**Task directions**
Please return the lines below verbatim, beginning at the one that has "Interior of a" and stopping after the one that has "Convenient laundry room", and add no other lines.

**Data supplied**
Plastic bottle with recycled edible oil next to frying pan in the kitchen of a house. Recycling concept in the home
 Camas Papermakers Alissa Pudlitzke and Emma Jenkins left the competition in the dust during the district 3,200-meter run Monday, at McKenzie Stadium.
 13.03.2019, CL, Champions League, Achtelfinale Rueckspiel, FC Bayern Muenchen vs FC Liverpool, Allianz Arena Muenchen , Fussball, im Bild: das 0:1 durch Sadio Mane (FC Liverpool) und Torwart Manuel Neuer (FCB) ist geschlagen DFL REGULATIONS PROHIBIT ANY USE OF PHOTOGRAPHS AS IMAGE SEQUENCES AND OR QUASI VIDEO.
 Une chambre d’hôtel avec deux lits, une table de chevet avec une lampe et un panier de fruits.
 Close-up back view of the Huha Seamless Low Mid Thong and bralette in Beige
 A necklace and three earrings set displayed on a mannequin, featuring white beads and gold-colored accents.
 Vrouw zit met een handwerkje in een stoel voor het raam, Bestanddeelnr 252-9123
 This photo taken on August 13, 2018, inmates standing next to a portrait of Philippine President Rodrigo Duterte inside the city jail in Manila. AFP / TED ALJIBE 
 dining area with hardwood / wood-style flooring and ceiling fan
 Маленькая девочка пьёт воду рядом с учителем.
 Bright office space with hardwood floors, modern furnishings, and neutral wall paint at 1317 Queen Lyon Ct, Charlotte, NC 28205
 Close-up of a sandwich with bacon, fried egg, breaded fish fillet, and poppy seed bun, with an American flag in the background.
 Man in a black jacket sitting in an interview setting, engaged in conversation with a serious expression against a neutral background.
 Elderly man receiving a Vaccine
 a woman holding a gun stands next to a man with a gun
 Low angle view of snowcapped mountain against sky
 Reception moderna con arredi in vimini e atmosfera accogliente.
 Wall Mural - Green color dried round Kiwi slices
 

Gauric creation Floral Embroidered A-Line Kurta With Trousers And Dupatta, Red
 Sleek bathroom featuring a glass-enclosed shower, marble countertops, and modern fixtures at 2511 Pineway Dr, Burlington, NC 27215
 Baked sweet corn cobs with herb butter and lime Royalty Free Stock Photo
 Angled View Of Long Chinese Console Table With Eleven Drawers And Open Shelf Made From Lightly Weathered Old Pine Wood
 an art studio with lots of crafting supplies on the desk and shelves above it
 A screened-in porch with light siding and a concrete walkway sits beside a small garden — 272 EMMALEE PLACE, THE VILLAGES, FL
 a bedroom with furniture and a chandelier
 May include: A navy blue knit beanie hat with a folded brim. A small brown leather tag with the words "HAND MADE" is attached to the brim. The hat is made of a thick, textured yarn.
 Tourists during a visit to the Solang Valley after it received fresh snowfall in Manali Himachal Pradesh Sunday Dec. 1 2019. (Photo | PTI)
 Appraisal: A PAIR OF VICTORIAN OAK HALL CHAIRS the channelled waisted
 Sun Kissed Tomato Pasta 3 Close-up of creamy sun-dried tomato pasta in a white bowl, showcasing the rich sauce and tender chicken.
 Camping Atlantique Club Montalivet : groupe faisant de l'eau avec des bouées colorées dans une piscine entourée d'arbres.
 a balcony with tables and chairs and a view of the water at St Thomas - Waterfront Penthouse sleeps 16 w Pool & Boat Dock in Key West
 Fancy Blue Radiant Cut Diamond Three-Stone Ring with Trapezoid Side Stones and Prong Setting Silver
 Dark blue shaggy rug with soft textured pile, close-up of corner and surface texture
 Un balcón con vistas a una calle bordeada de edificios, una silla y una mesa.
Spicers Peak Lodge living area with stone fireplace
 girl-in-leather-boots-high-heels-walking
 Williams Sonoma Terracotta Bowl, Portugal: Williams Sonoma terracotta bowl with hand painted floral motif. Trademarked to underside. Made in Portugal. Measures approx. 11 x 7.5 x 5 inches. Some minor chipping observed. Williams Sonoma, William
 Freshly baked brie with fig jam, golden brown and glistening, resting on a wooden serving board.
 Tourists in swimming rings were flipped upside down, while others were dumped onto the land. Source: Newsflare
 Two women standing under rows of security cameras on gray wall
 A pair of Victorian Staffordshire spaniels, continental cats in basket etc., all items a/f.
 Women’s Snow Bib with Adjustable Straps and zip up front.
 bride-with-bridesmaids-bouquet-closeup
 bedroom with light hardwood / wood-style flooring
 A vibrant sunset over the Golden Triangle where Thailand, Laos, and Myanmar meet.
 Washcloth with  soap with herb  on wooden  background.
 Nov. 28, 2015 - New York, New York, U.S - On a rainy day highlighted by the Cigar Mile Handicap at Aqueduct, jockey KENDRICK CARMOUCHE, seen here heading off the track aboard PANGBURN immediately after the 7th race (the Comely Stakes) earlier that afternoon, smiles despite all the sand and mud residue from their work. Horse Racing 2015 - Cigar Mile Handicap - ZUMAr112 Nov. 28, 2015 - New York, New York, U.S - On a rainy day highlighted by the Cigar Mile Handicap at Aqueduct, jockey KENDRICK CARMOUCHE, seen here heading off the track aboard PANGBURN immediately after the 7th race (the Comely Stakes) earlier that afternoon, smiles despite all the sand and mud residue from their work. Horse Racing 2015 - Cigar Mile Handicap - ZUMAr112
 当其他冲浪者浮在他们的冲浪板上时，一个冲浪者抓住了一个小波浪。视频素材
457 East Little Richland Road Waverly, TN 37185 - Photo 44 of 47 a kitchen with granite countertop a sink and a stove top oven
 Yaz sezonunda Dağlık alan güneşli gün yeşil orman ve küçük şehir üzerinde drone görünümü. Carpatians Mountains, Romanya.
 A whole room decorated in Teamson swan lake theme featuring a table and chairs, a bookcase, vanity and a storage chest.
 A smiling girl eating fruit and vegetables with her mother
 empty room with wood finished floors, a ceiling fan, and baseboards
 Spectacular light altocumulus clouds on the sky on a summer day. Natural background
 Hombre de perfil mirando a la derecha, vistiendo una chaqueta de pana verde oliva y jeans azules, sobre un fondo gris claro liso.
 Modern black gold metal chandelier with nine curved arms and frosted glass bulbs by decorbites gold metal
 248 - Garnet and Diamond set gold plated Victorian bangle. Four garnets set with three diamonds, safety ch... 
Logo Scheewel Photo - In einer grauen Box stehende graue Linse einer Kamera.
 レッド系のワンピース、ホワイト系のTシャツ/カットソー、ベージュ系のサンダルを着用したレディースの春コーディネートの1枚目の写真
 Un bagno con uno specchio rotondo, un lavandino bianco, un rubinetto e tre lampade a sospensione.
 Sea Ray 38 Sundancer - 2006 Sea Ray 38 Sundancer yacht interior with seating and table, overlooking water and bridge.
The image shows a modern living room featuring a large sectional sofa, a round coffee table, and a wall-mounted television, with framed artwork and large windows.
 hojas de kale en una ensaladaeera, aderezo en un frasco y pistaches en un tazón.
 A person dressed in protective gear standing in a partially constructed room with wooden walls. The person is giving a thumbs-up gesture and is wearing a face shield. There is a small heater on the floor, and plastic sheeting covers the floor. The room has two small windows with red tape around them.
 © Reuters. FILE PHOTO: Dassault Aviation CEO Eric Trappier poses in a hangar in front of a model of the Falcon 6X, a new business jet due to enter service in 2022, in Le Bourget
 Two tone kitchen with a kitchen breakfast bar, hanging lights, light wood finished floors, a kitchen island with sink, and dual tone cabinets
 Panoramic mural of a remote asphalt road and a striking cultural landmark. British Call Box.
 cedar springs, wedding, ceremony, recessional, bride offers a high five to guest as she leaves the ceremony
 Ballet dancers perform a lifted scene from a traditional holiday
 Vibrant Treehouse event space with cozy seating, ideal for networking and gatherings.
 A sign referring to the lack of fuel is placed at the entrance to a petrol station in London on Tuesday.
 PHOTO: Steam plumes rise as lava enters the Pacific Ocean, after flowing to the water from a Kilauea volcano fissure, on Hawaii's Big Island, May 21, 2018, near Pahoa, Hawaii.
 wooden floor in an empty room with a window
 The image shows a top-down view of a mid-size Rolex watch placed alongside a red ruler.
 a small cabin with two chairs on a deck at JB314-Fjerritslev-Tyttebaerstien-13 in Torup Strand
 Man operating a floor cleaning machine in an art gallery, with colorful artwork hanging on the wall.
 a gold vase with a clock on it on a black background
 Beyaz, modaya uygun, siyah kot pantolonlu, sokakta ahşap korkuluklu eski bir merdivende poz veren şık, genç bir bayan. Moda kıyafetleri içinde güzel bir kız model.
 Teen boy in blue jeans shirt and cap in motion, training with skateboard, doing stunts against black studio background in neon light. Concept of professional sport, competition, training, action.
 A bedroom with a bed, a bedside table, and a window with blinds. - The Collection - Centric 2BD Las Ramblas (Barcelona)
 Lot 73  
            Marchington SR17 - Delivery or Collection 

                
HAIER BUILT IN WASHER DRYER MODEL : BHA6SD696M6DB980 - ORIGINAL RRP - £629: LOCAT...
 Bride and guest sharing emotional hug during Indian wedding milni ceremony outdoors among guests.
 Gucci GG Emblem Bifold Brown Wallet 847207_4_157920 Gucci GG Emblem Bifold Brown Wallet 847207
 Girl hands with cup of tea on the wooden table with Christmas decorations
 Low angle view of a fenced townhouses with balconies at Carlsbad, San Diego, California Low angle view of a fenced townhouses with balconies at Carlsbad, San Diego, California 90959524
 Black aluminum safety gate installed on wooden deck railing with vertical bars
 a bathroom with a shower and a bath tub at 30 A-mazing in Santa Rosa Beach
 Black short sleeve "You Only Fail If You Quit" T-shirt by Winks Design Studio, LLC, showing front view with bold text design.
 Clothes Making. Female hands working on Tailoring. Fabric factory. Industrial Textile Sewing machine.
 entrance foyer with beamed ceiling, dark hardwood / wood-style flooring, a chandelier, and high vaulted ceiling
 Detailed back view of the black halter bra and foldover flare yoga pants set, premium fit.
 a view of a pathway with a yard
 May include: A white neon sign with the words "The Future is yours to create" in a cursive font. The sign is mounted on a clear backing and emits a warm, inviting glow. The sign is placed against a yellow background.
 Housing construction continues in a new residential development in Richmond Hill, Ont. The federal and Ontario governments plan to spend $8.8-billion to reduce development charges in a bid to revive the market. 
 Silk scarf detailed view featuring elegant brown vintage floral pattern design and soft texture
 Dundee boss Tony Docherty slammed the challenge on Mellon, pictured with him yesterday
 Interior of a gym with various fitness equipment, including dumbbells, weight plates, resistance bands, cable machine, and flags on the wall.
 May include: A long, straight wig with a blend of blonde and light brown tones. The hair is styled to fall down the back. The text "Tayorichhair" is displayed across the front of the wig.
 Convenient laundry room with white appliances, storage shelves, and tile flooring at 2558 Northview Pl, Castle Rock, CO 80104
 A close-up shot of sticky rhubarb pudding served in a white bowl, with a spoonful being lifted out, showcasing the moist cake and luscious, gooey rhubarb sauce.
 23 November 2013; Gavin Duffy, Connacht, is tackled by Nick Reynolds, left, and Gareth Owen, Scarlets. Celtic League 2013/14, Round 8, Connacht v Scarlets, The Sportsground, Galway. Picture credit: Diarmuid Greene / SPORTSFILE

**Task result**
 Interior of a gym with various fitness equipment, including dumbbells, weight plates, resistance bands, cable machine, and flags on the wall.
 May include: A long, straight wig with a blend of blonde and light brown tones. The hair is styled to fall down the back. The text "Tayorichhair" is displayed across the front of the wig.
 Convenient laundry room with white appliances, storage shelves, and tile flooring at 2558 Northview Pl, Castle Rock, CO 80104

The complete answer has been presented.